_The records_
········
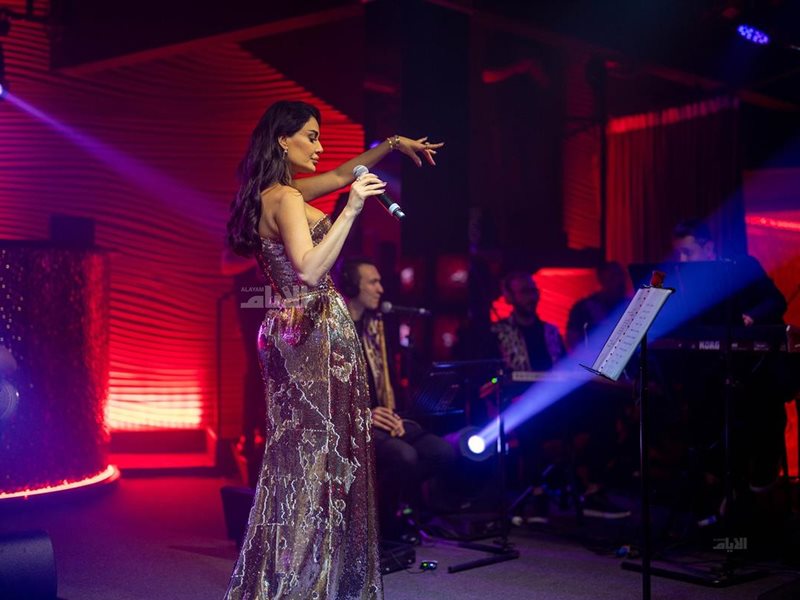 بالصور.. حفل سيرين عبد النور في البحرين على إيقاعات خليجية 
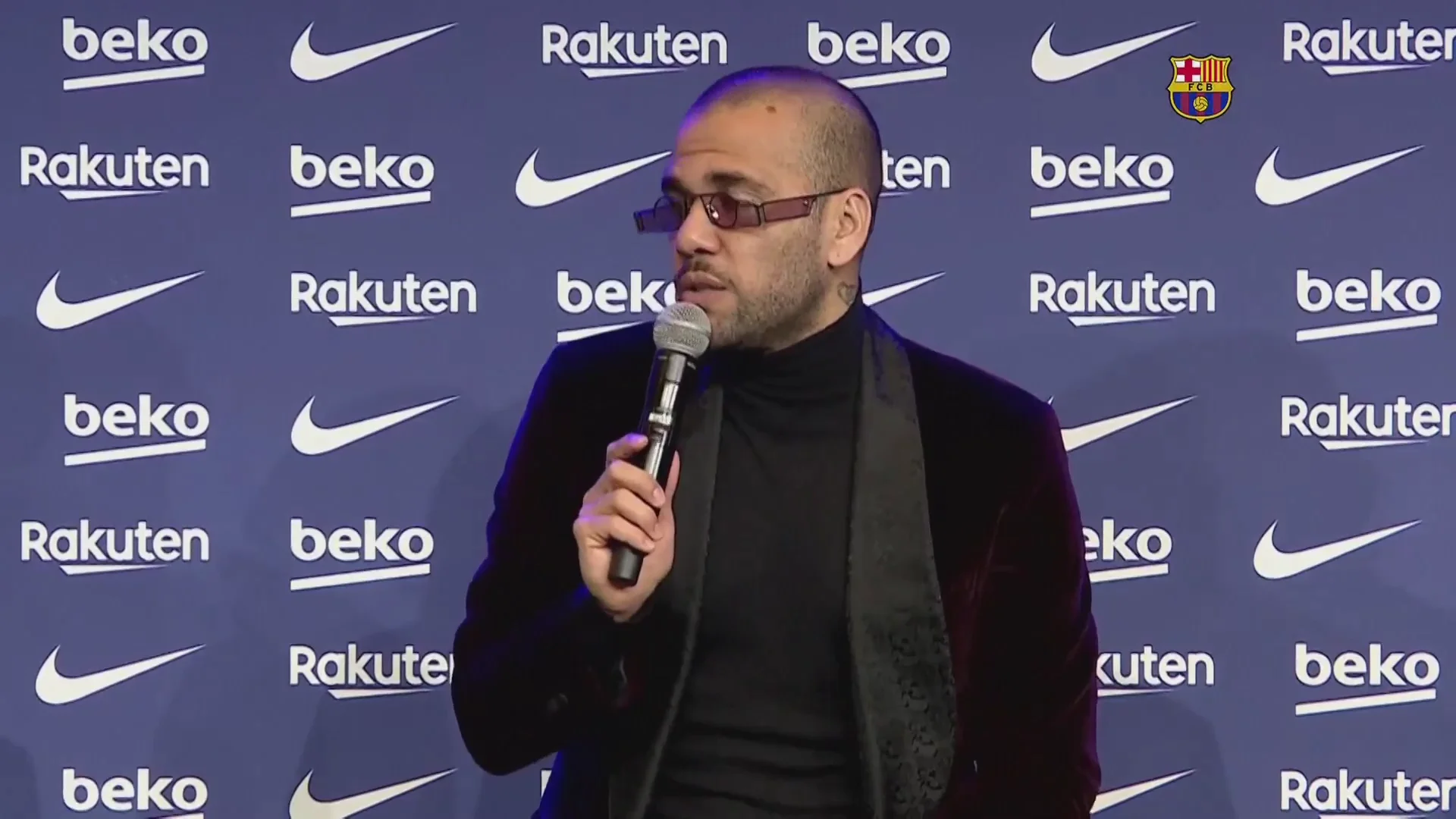 VÍDEO: Así ha sido la presentación de Dani Alves en su regreso al Barcelona VÍDEO: Así ha sido la presentación de Dani Alves en su regreso al Barcelona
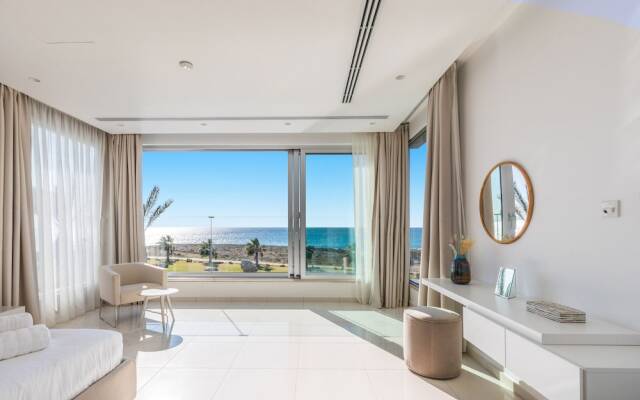 Vivo Mare Beachfront - Seaview Villas
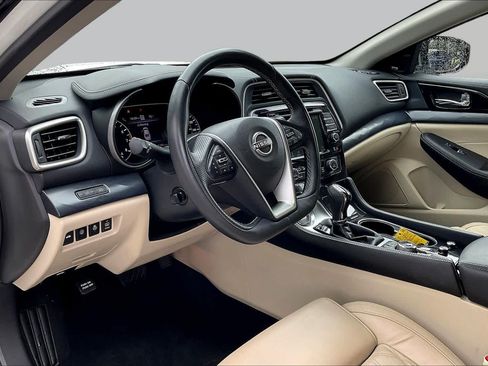 Used 2023 Nissan Maxima Platinum w/ Sport Mat Group FWD image 35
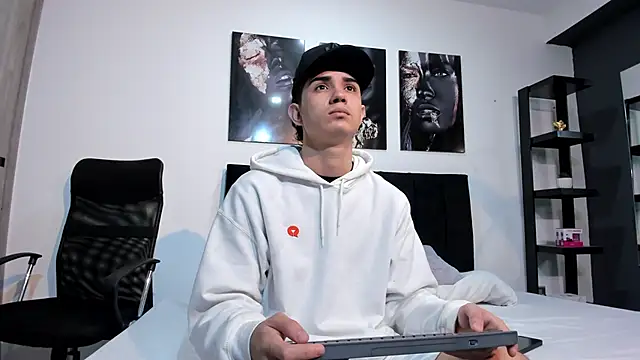 Alejo Grey online show from 01/09/26, 12:41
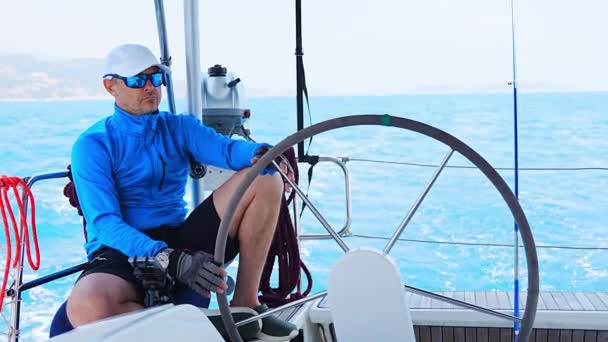 Mladý Muž Kapitán Sedí Kormidla Kontroluje Plachetnici Během Plavby Moři — Stock video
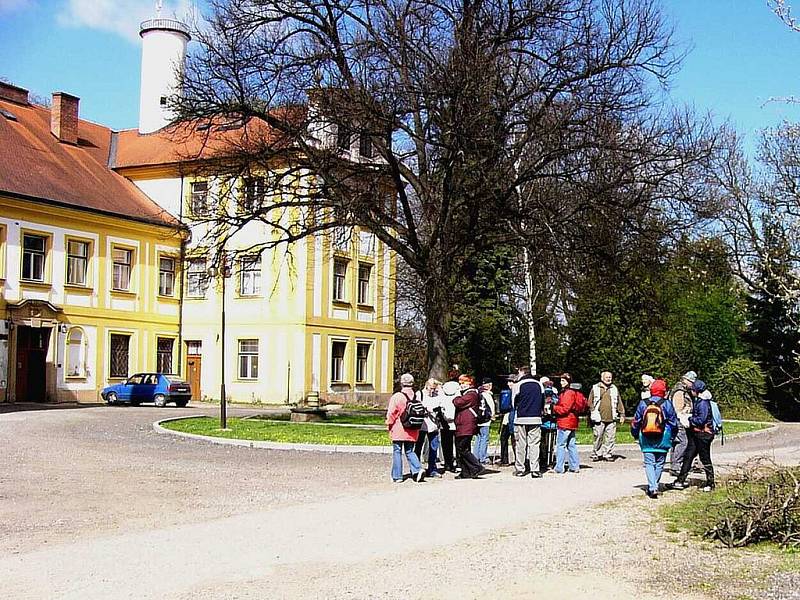 Osmý výlet zavedl turisty na Hrádek u Nechanic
········
_Task statement_
Output exactly the lines from the first line of the records through the line containing "Vivo Mare Beachfront - Seaview Villas". Leave out every picture.

_Response area_
 بالصور.. حفل سيرين عبد النور في البحرين على إيقاعات خليجية 
 VÍDEO: Así ha sido la presentación de Dani Alves en su regreso al Barcelona VÍDEO: Así ha sido la presentación de Dani Alves en su regreso al Barcelona
 Vivo Mare Beachfront - Seaview Villas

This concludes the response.